Reminder: the median of the array $[a_1, a_2, \dots, a_{2k+1}]$ of odd number of elements is defined as follows: let $[b_1, b_2, \dots, b_{2k+1}]$ be the elements of the array in the sorted order. Then median of this array is equal to $b_{k+1}$.

There are $2n$ students, the $i$-th student has skill level $a_i$. It's not guaranteed that all skill levels are distinct.

Let's define skill level of a class as the median of skill levels of students of the class.

As a principal of the school, you would like to assign each student to one of the $2$ classes such that each class has odd number of students (not divisible by $2$). The number of students in the classes may be equal or different, by your choice. Every student has to be assigned to exactly one class. Among such partitions, you want to choose one in which the absolute difference between skill levels of the classes is minimized.

What is the minimum possible absolute difference you can achieve?

Input

Each test contains multiple test cases. The first line contains the number of test cases $t$ ($1 \le t \le 10^4$). The description of the test cases follows.

The first line of each test case contains a single integer $n$ ($1 \le n \le 10^5$) — the number of students halved.

The second line of each test case contains $2n$ integers $a_1, a_2, \dots, a_{2 n}$ ($1 \le a_i \le 10^9$) — skill levels of students.

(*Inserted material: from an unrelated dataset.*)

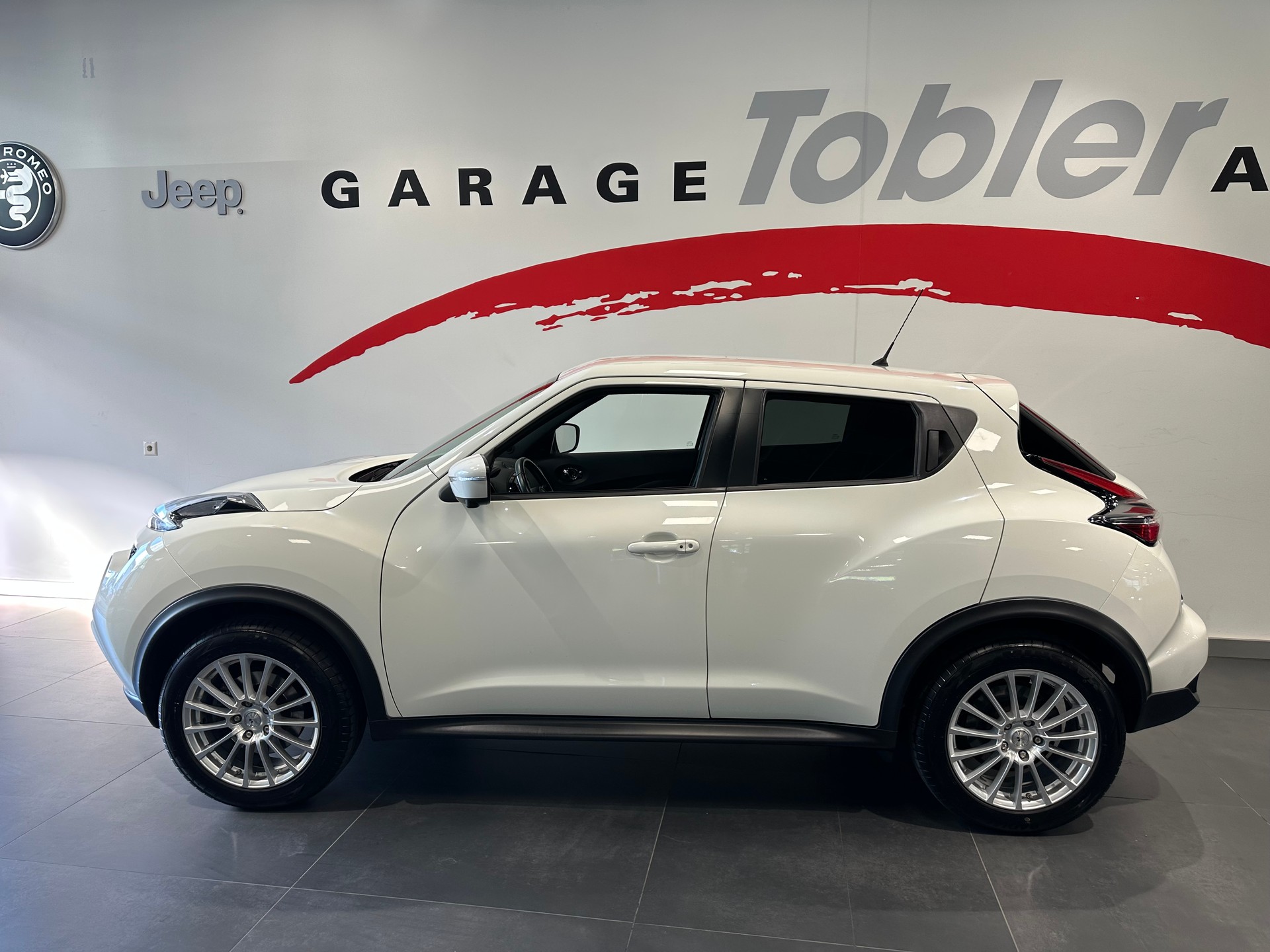 NISSAN Juke 1.6 DIG-T N-Connecta 4x4 Xtronic M-CVT-image-8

It is guaranteed that the sum of $n$ over all test cases does not exceed $10^5$.

Output

For each test case, output a single integer, the minimum possible absolute difference between skill levels of two classes of odd sizes.

Example
Input
3
1
1 1
3
6 5 4 1 2 3
5
13 4 20 13 2 5 8 3 17 16

Output
0
1
5

Note

In the first test, there is only one way to partition students — one in each class. The absolute difference of the skill levels will be $|1 - 1| = 0$.

In the second test, one of the possible partitions is to make the first class of students with skill levels $[6, 4, 2]$, so that the skill level of the first class will be $4$, and second with $[5, 1, 3]$, so that the skill level of the second class will be $3$. Absolute difference will be $|4 - 3| = 1$.

Note that you can't assign like $[2, 3]$, $[6, 5, 4, 1]$ or $[]$, $[6, 5, 4, 1, 2, 3]$ because classes have even number of students.

$[2]$, $[1, 3, 4]$ is also not possible because students with skills $5$ and $6$ aren't assigned to a class.

In the third test you can assign the students in the following way: $[3, 4, 13, 13, 20], [2, 5, 8, 16, 17]$ or $[3, 8, 17], [2, 4, 5, 13, 13, 16, 20]$. Both divisions give minimal possible absolute difference.